*EXTRACTED MATERIAL*.
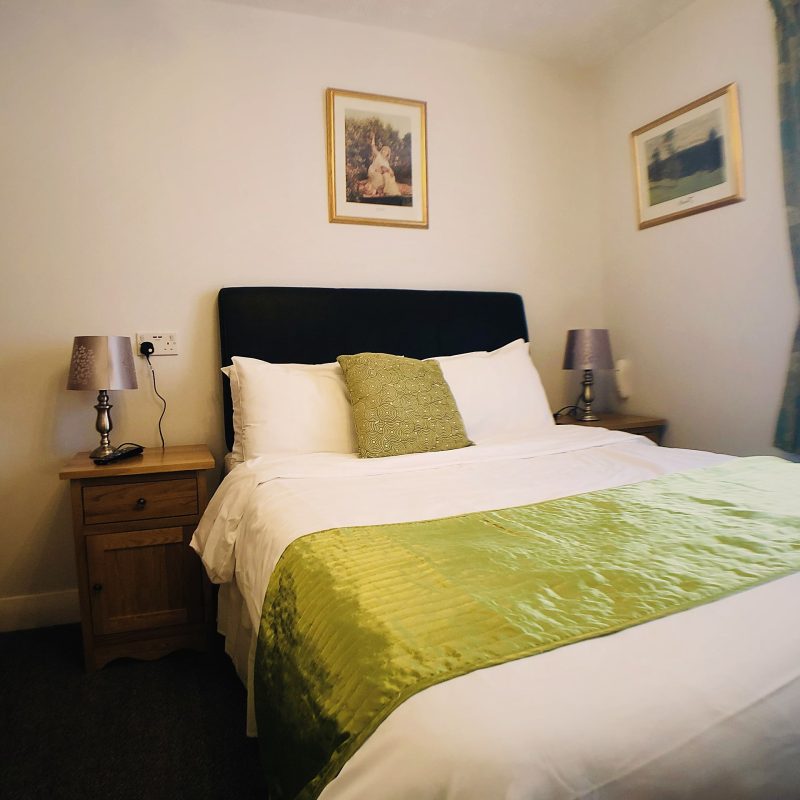 Double room with sage bed runner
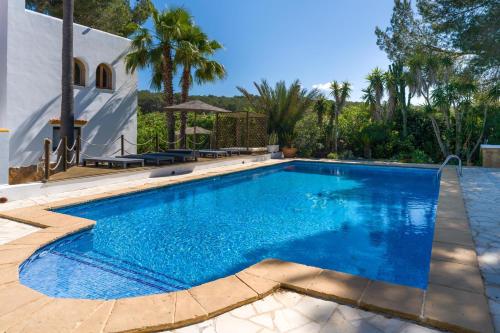 a swimming pool with blue water in front of a house at Asteria Eco Finca Sustainable 6 Bedroom Nature Retreat near UNVRS Ibiza in Santa Gertrudis de Fruitera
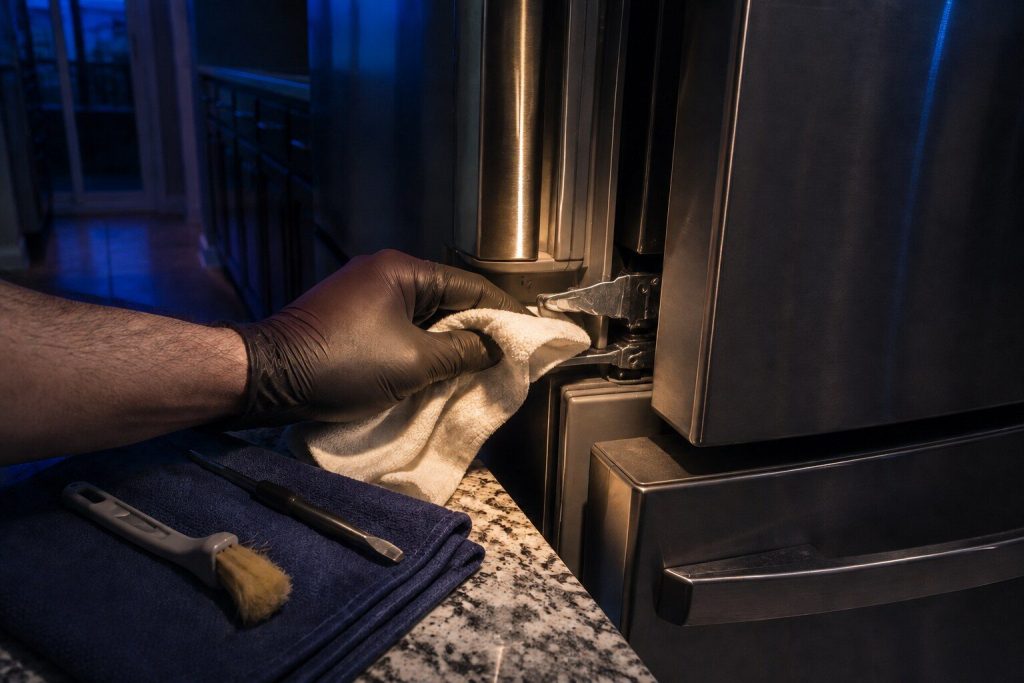A gloved hand drawing a clean cloth along the hinge and door channel of a stainless appliance, a soft brush and a small screwdriver lying on a folded mat beside it.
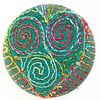 One inch badge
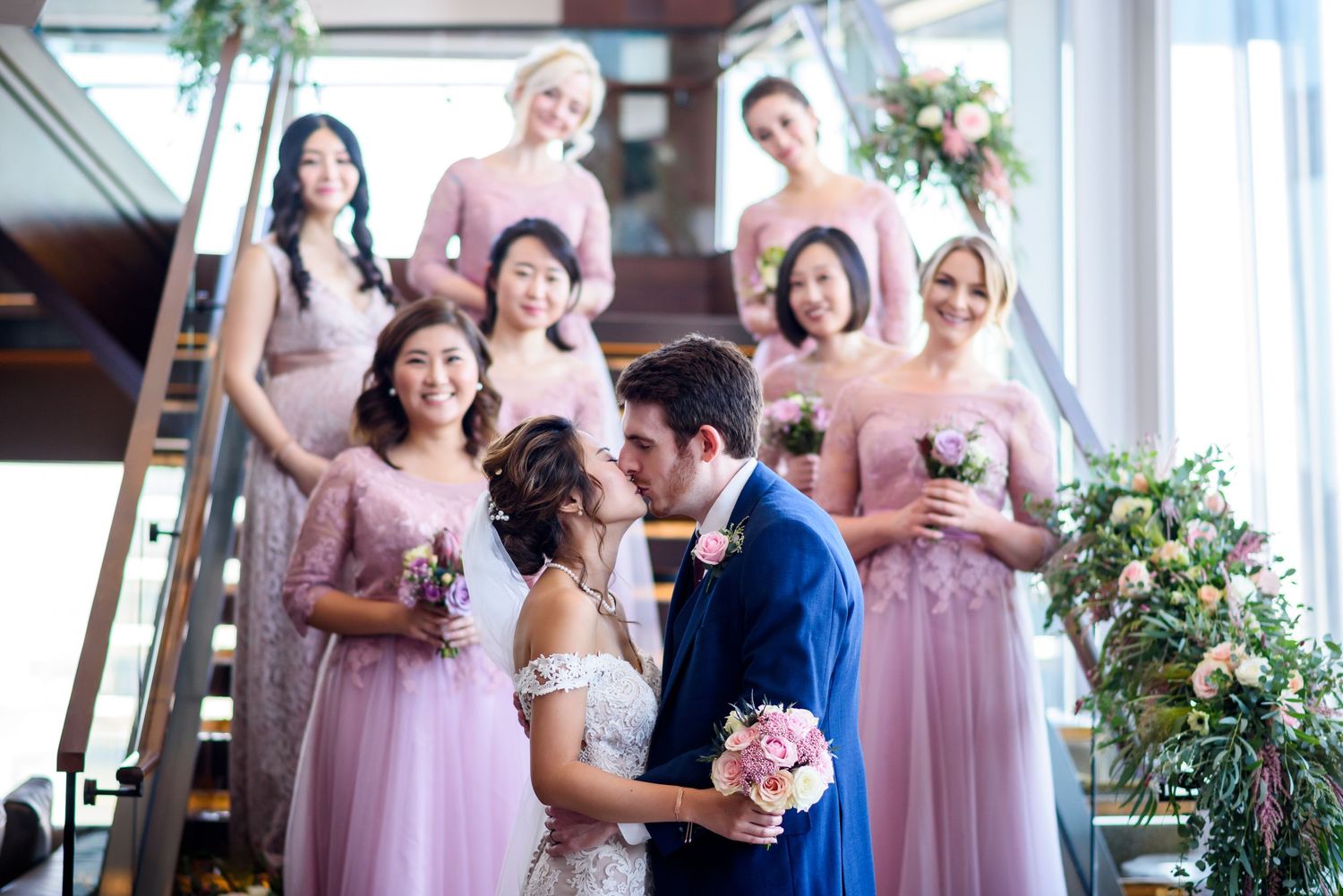 Wedding party in pink bridesmaid dresses celebrating in an elegant venue with floral decorations.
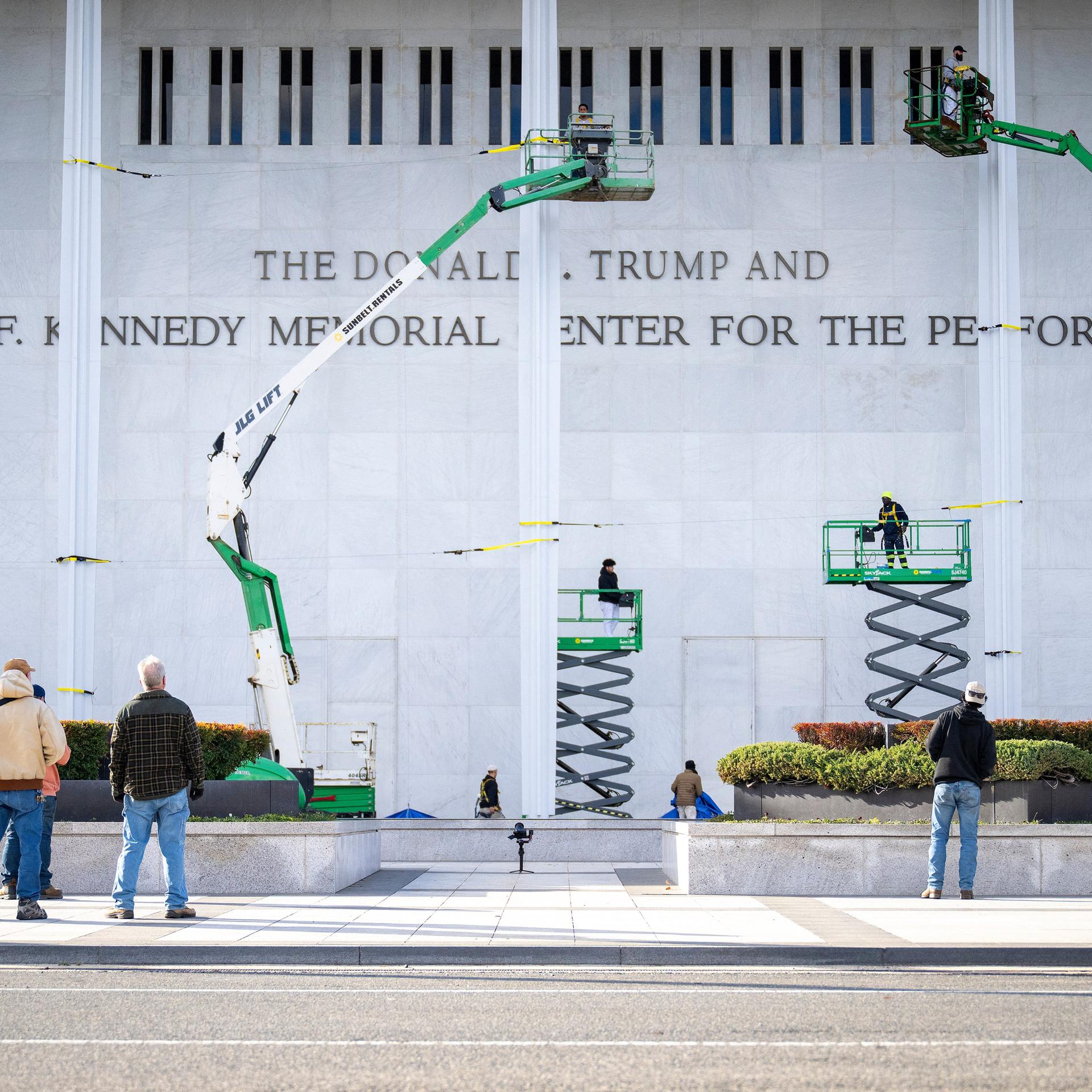 Arbeiter haben den neuen Schriftzug am Kennedy-Center in Washington DC angebracht. Auf dem Bild sind noch vier Hebebühnen zu sehen.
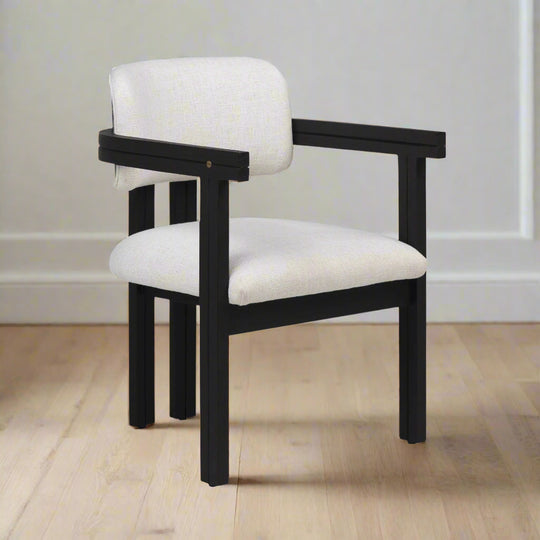 Chair with black frame and white cushion on a white background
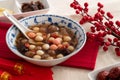 Homemade red and white tangyuan with syrup soup, dried longan pulp, red dates for Winter solstice Royalty Free Stock Photo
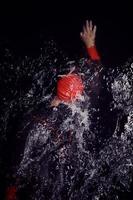 atleta de triatlón nadando en la noche oscura con traje de neopreno foto
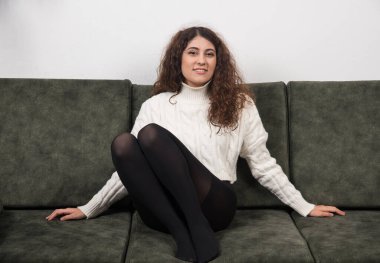 Kanepede oturan ve kameraya bakan gülümseyen bir kadın. Yüksek kalite fotoğraf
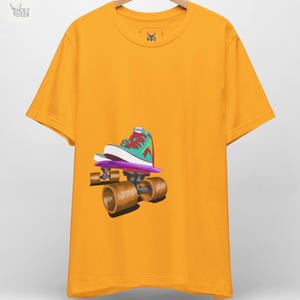 May include: A mustard yellow short-sleeve t-shirt featuring a graphic illustration of a teal and red high-top sneaker resting on a purple skateboard with large brown wheels. The inner neck label displays the text Holy Deer and HVD logo.
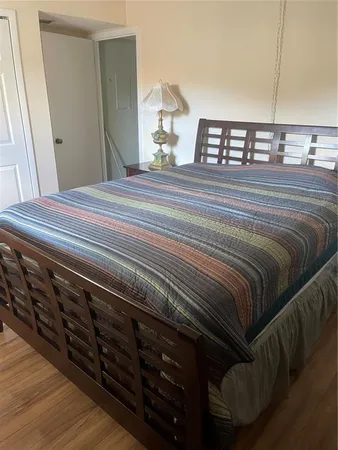 a bedroom with a bed a mirror and lamp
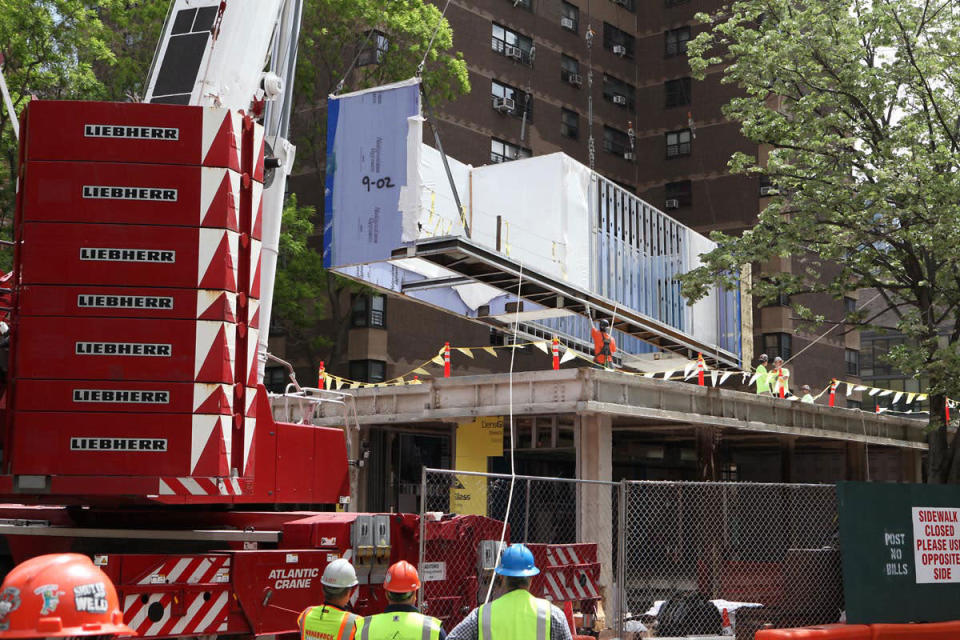 One by one, the pre-fab units are assembled at Carmel Place. (Photo: Monadnock Development)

*REQUIRED WORK*. Set every record down exactly, omitting pictures.

*SOLUTION BELOW*.
 Double room with sage bed runner
 a swimming pool with blue water in front of a house at Asteria Eco Finca Sustainable 6 Bedroom Nature Retreat near UNVRS Ibiza in Santa Gertrudis de Fruitera
A gloved hand drawing a clean cloth along the hinge and door channel of a stainless appliance, a soft brush and a small screwdriver lying on a folded mat beside it.
 One inch badge
 Wedding party in pink bridesmaid dresses celebrating in an elegant venue with floral decorations.
 Arbeiter haben den neuen Schriftzug am Kennedy-Center in Washington DC angebracht. Auf dem Bild sind noch vier Hebebühnen zu sehen.
 Chair with black frame and white cushion on a white background
 Homemade red and white tangyuan with syrup soup, dried longan pulp, red dates for Winter solstice Royalty Free Stock Photo
 atleta de triatlón nadando en la noche oscura con traje de neopreno foto
 Kanepede oturan ve kameraya bakan gülümseyen bir kadın. Yüksek kalite fotoğraf
 May include: A mustard yellow short-sleeve t-shirt featuring a graphic illustration of a teal and red high-top sneaker resting on a purple skateboard with large brown wheels. The inner neck label displays the text Holy Deer and HVD logo.
 a bedroom with a bed a mirror and lamp
 One by one, the pre-fab units are assembled at Carmel Place. (Photo: Monadnock Development)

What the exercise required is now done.